To do: Restate word for word the entries below, starting with the line with "Maxbell Cowgirl Bolo" and continuing through the line with "Old timing belt". Include both of those lines and no others.

Source data:
--

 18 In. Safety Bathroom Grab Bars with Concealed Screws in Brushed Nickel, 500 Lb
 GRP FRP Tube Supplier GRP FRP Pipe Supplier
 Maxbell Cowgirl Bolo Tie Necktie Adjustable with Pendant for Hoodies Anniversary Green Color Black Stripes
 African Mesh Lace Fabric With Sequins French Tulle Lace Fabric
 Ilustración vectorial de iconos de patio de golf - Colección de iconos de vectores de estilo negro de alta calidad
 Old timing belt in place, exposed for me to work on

--

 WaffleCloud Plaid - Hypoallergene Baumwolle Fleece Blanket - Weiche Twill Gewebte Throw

--

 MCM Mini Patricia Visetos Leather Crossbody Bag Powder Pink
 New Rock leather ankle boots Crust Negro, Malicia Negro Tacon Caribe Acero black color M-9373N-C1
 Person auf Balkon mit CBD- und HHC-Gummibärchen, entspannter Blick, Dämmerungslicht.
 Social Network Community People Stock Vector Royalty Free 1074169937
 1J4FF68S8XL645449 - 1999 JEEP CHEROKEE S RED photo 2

--

Solved exercise:
 Maxbell Cowgirl Bolo Tie Necktie Adjustable with Pendant for Hoodies Anniversary Green Color Black Stripes
 African Mesh Lace Fabric With Sequins French Tulle Lace Fabric
 Ilustración vectorial de iconos de patio de golf - Colección de iconos de vectores de estilo negro de alta calidad
 Old timing belt in place, exposed for me to work on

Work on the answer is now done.